The three-way debate was the logical end to the increasingly presidential nature of politics in Britain, a process that first properly took hold when the Conservatives introduced the US style of campaigning to sell Margaret Thatcher in the late 1970s.

But consider this: the UK is a parliamentary democracy; we do not have a president. In theory, we elect local members of parliament, albeit mainly under party banners, to individual constituencies who travel to Westminster and vote through the formation of an executive arm, the government, which is accountable to parliament.

Yet, over the years, starting with Mrs Thatcher and accelerated under Tony Blair, the role of parliament in holding the executive to account has been stymied as the government, and specifically the prime minister, acquired more and more power.

So, as we ponder the outcome of the first debate and look forward to the next one this Thursday, we would do well not merely to think in terms of who bested whom, or who deployed the best television technique, but also to consider what this new form of election exchange means for our country.

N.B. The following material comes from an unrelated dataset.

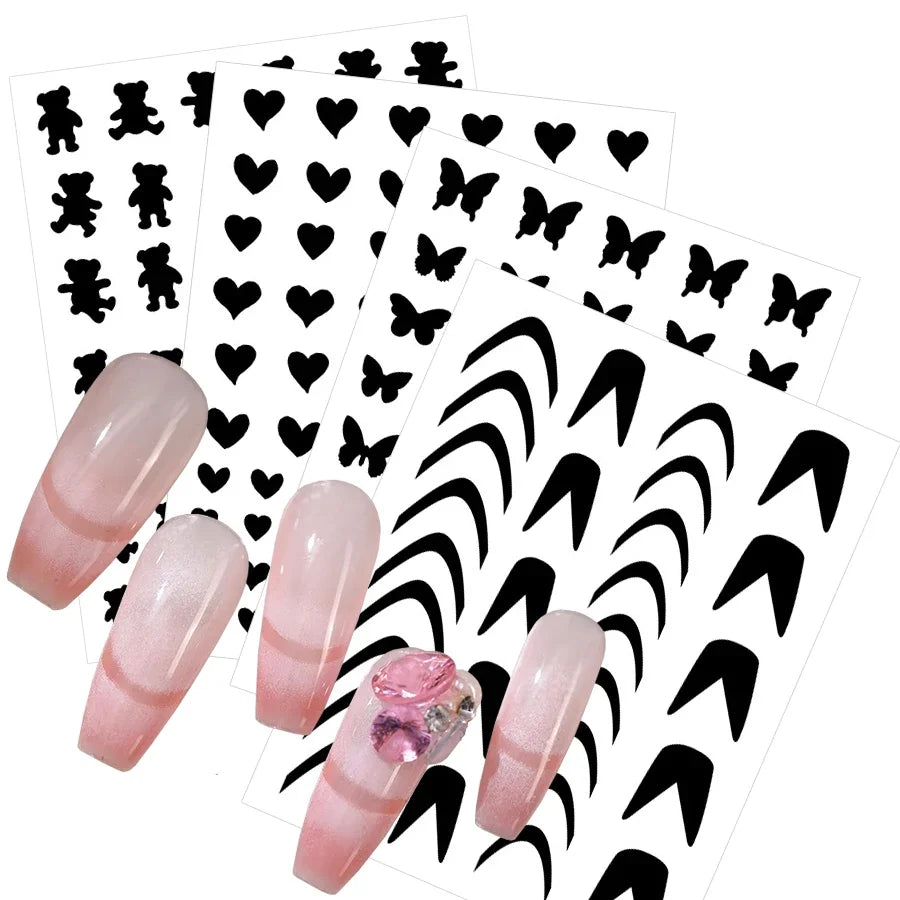 Creative Cute Hollow Nail Stickers Set - Airbrush Stencils Spray Templates for Nail Art - Heart Butterfly Bear Designs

Do we, as a nation, want a quasi-presidential system without the checks and balances that exist in a country like the United States? If we do not – and there are legitimate fears over too much power being concentrated in the office of the prime minister – then what do we do?

Is it, in other words, time to begin a debate about radical parliamentary reform in which the UK might have a directly elected political leader, held properly to account over legislation and spending by a more independent and assertive parliament? It is a question of fundamental importance to this country and one which it is in the interest of those who value the principle of real democracy to answer.